Abstract 9723: Calcium Loading Induces a PKC Isoform Switch That Activates Constitutive Acetylcholine Regulated Potassium Current in Atrial Fibrillation-Related Remodeling
Background: AF causes atrial tachycardia remodeling (ATR), with enhanced constitutive acetylcholine regulated K+ current (IKAChc) contributing to ATR-induced APD shortening and AF promotion. The present study examined the mechanisms underlying IKAChc activation; based on preliminary evidence for an essential role of phosphorylation, we evaluated the participation of protein kinase C (PKC).

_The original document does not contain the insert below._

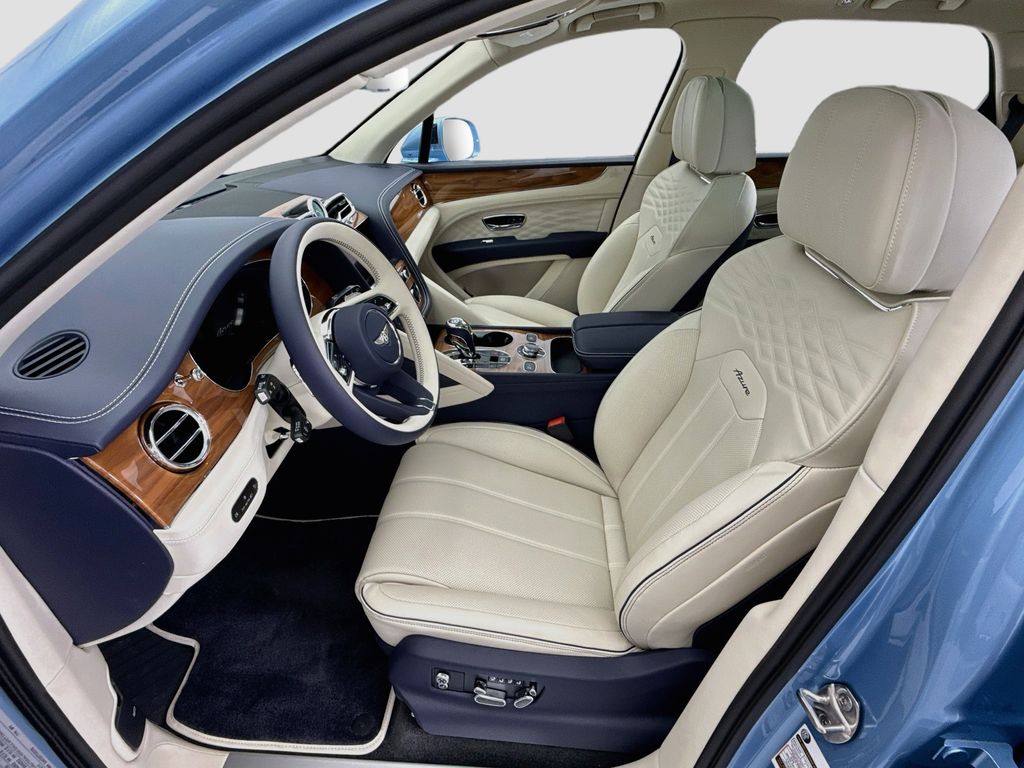 Thumbnail: 2026 Bentley Bentayga - 18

Methods: Cultured dog atrial cardiomyocytes in vitro tachypaced (TP) at 3 Hz for 24 hours were compared to parallel 1 Hz paced cells and cells from ATR dogs (paced in vivo at 400 bpm x 1 week). IKAChc single channel activity was assessed in cell attached and cell free (I-O) patches. Protein expression was assessed by Western blot.
Results: In vitro TP for 24 hours activated IKAChc (Fig A), mimicking effects of in vivo ATR. The classical PKC isoform PKCα inhibited, whereas the novel isoform PKCε enhanced, IKAChc when applied to the intracellular side of I-O patches. TP and ATR downregulated PKCα (by 33, 37% respectively) and caused membrane translocation of PKCε, switching PKC-predominance to the stimulatory novel isoform. TP increased [Ca2+]i at 2 hours by 30% (Fig B), with subsequent return to baseline at 24 hrs. Ca2+ activates calpain, which breaks down proteins. Decreasing calpain activity during TP with PD150606 (20 µM) prevented TP enhancement of IKAChc (Fig C). Decreasing [Ca2+]i during TP with BAPTA-AM (1 µM), a cell permeable Ca2+ chelator, also prevented TP-enhancement of IKAChc (Fig D). Both PD150606 and BAPTA-AM prevented downregulation of PKCα protein expression by TP. Exposure of TP cells to a PKCε inhibitor (Fig E) suppressed TP-induced IKAChc activation, whereas a PKCα inhibitor (Fig F) enhanced IKAChc activity in 1 Hz cells.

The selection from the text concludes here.